**Exercise details:** Would you restate the listing word for word, with the images omitted?

---- Dataset section

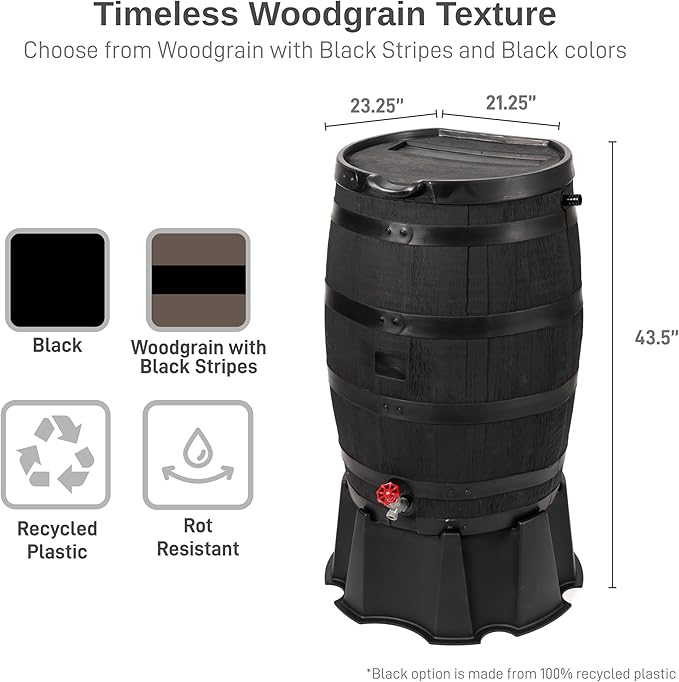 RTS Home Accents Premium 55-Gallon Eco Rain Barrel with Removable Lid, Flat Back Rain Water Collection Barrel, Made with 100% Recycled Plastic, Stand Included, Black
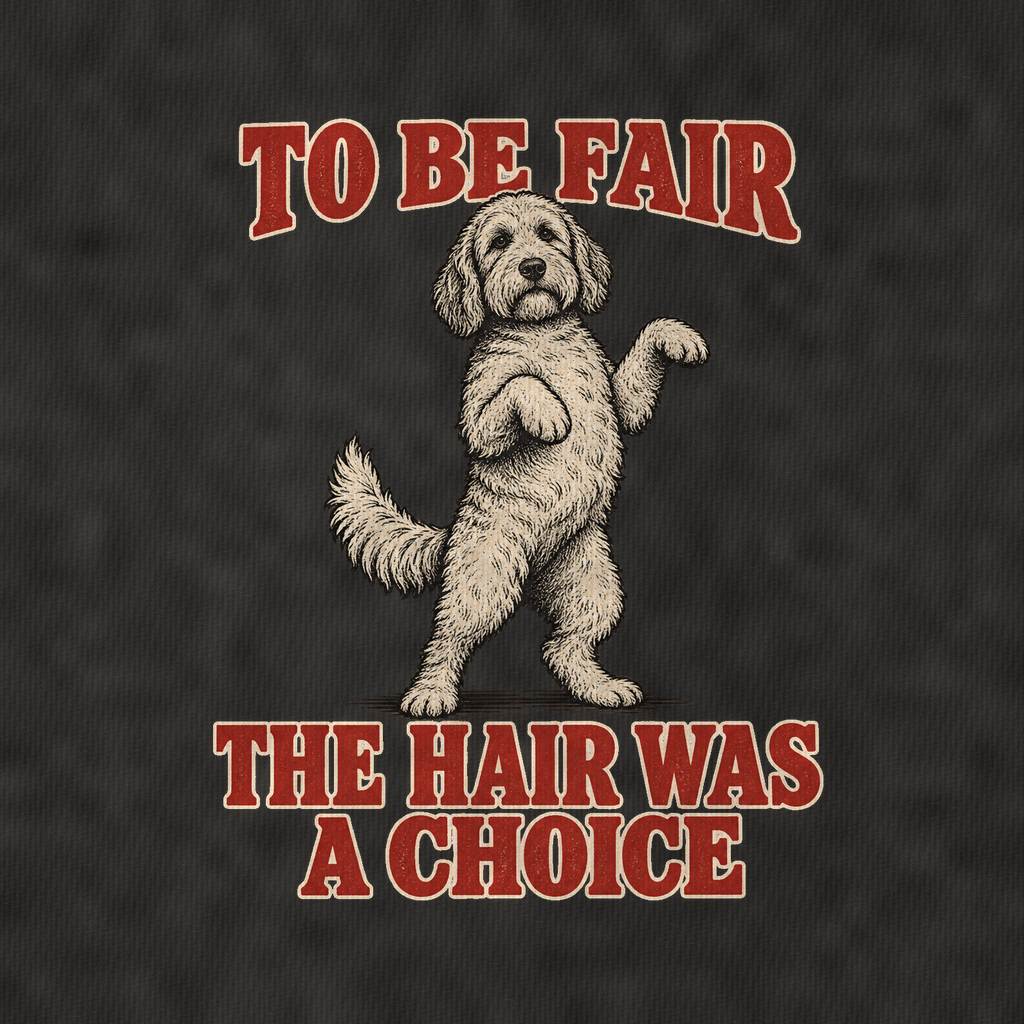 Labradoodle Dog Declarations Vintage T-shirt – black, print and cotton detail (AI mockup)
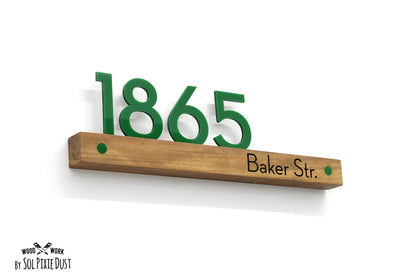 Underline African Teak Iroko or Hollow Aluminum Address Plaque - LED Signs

--------

**Exercise output:**
 RTS Home Accents Premium 55-Gallon Eco Rain Barrel with Removable Lid, Flat Back Rain Water Collection Barrel, Made with 100% Recycled Plastic, Stand Included, Black
 Labradoodle Dog Declarations Vintage T-shirt – black, print and cotton detail (AI mockup)
 Underline African Teak Iroko or Hollow Aluminum Address Plaque - LED Signs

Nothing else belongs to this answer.